Segment Start: GIVEN INFORMATION
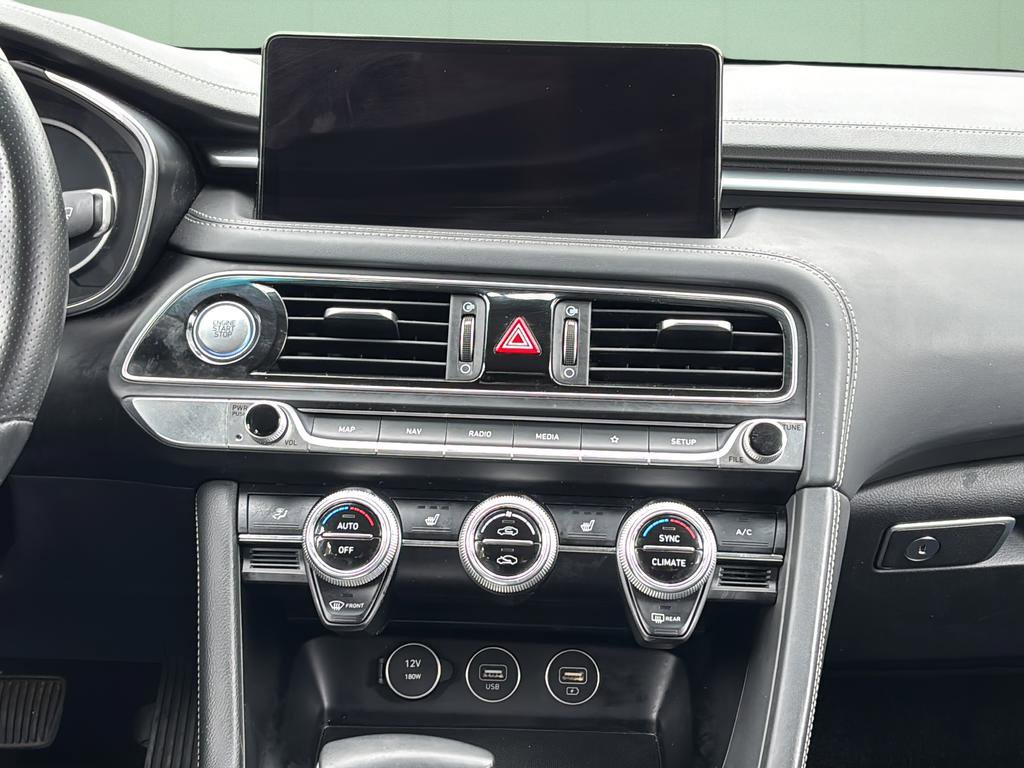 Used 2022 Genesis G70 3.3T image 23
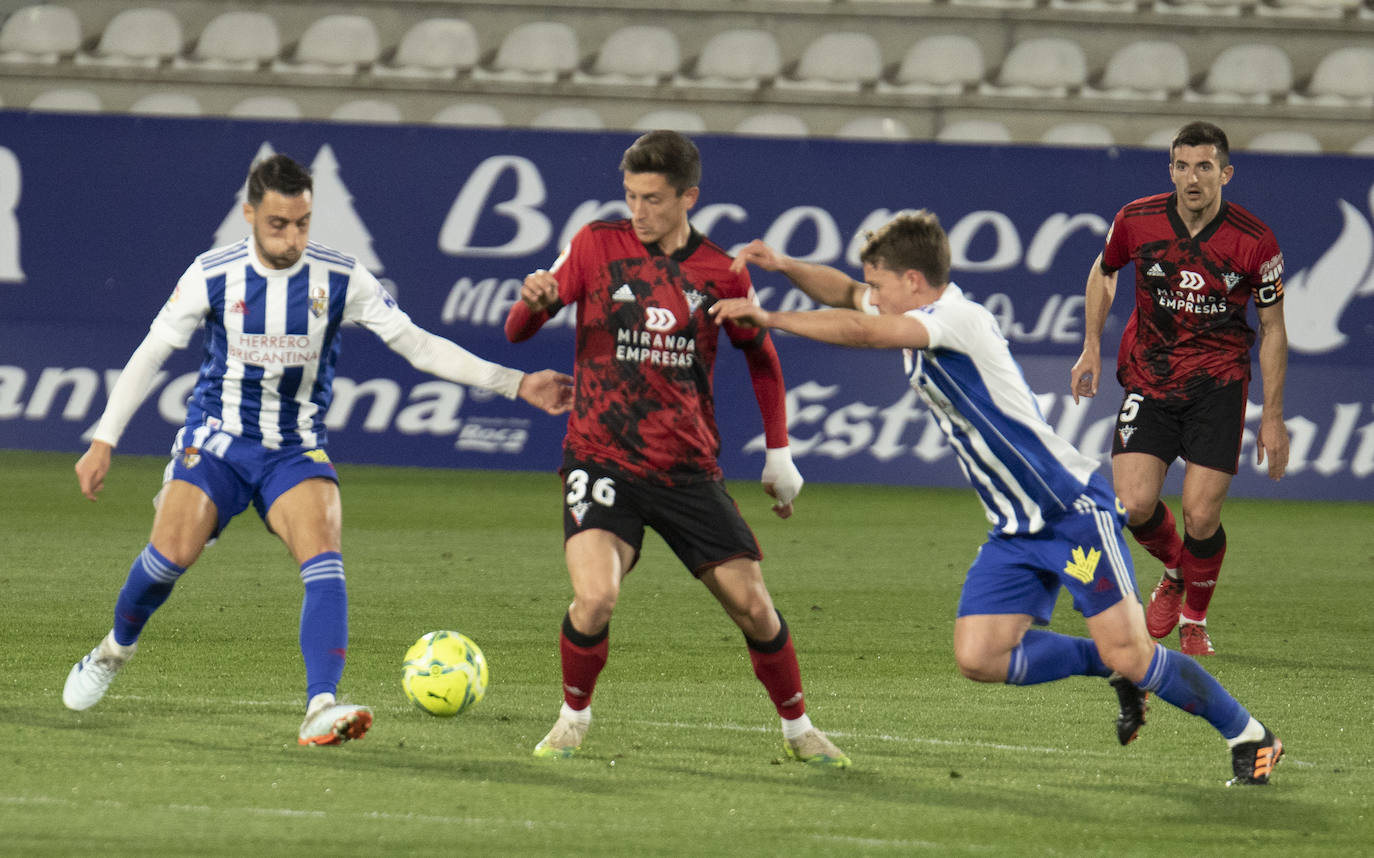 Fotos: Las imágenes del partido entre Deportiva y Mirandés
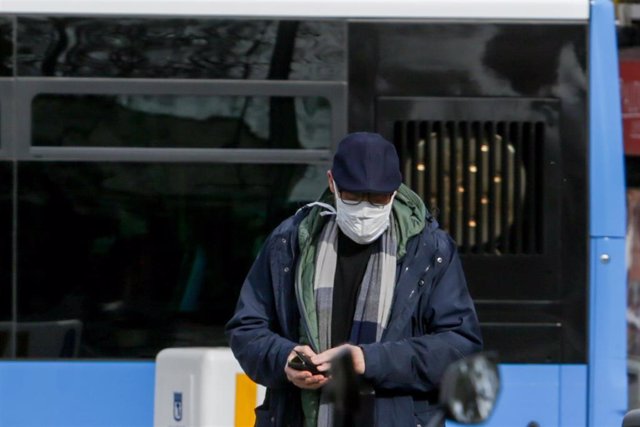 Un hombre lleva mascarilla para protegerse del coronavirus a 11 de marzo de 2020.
Segment End: GIVEN INFORMATION
ABOUT THIS EXERCISE — Would you please output the listing above exactly, leaving out the pictures?

TASK ANSWER —
 Used 2022 Genesis G70 3.3T image 23
 Fotos: Las imágenes del partido entre Deportiva y Mirandés
 Un hombre lleva mascarilla para protegerse del coronavirus a 11 de marzo de 2020.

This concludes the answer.